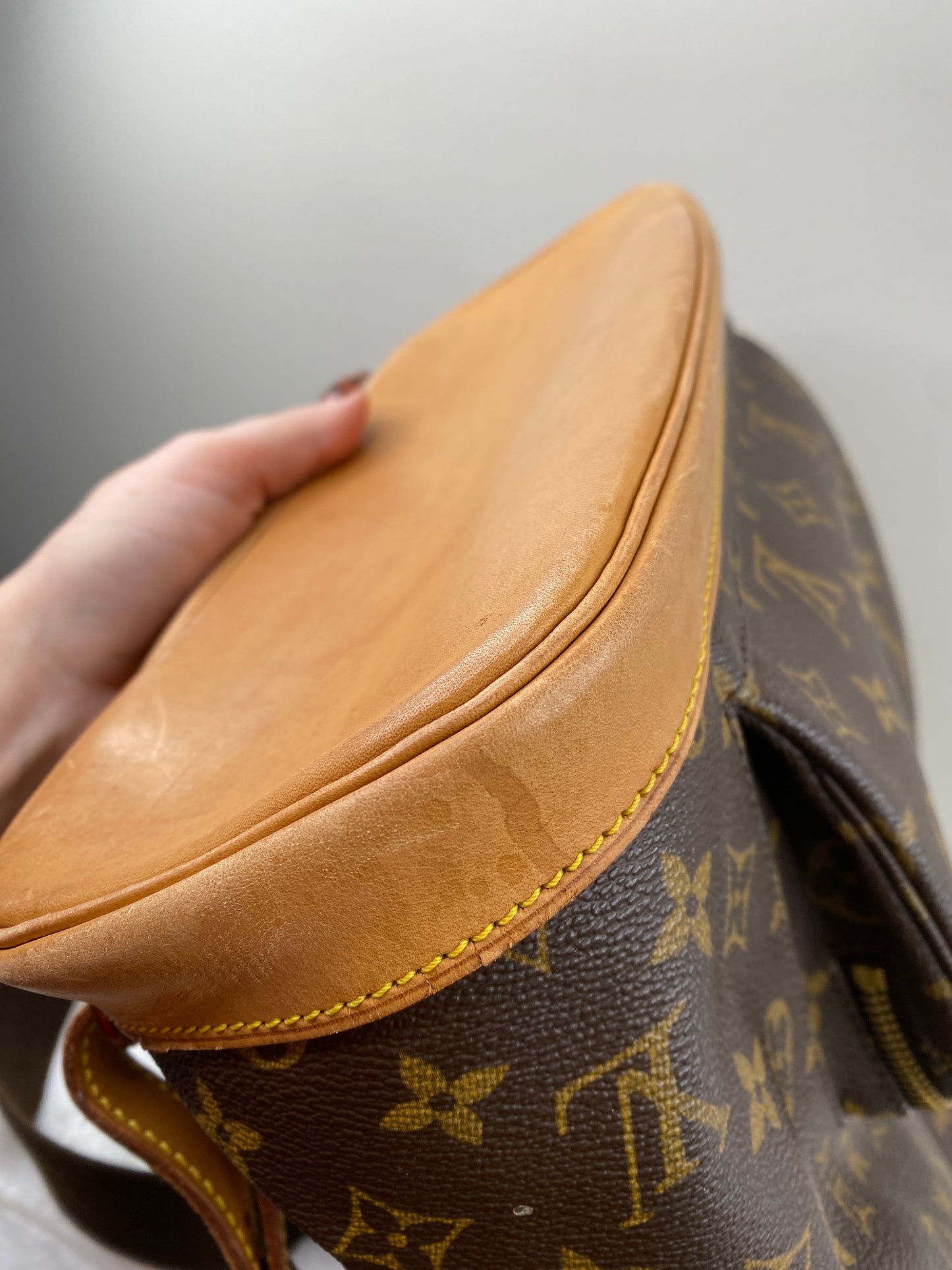 PRE-LOVED CUTESIE - LOUIS VUITTON MONTSOURIS GM BACKPACK MONOGRAM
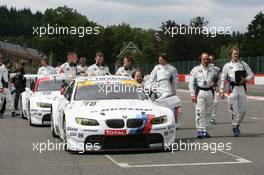 31.07. - 01.08.2010 Spa, Belgium, The crew pushes the BMW's to the grid - FIA GT - 24 hours of Spa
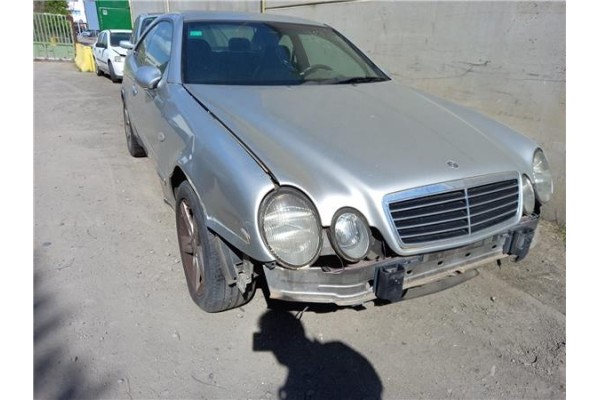 mercedes-benz clk (bm 208) coupe del año 2003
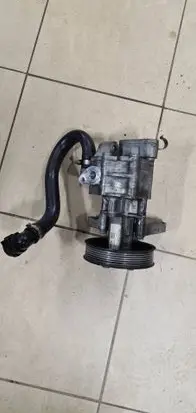 BMW X5 E70 Power steering pump 6796462 23B11 5002445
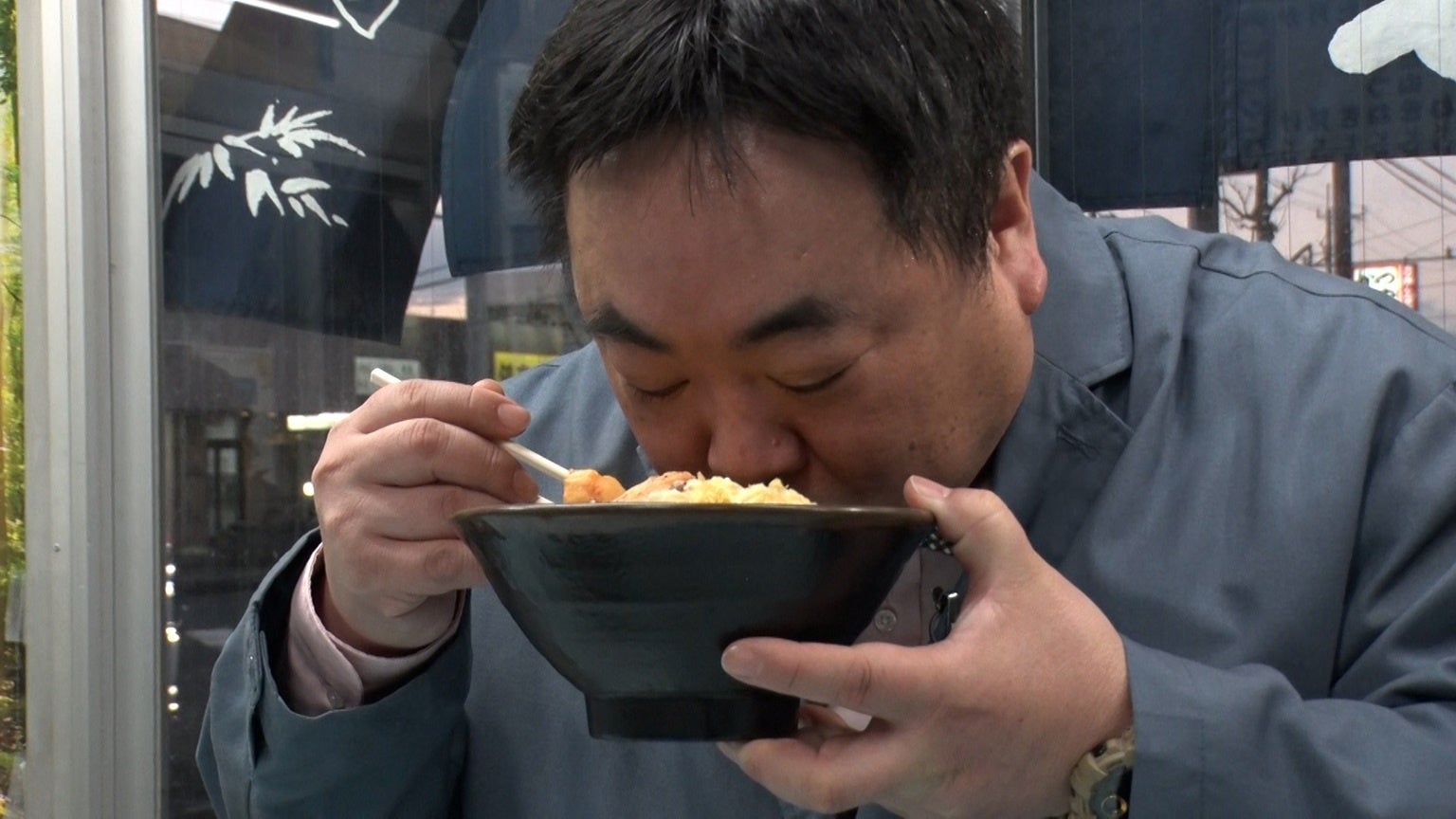 インバウンド需要や健康志向の高まりを受け、お好み焼き店「undo」が米粉うどんの製麺所をオープン。「undo」自家製麺のグルテンフリーお好み焼きを提供開始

■ ■ ■ ■

Your goal >> Each line of the records is to be reproduced exactly, and each picture dropped.

Response area >>
 PRE-LOVED CUTESIE - LOUIS VUITTON MONTSOURIS GM BACKPACK MONOGRAM
 31.07. - 01.08.2010 Spa, Belgium, The crew pushes the BMW's to the grid - FIA GT - 24 hours of Spa
 mercedes-benz clk (bm 208) coupe del año 2003
 BMW X5 E70 Power steering pump 6796462 23B11 5002445
 インバウンド需要や健康志向の高まりを受け、お好み焼き店「undo」が米粉うどんの製麺所をオープン。「undo」自家製麺のグルテンフリーお好み焼きを提供開始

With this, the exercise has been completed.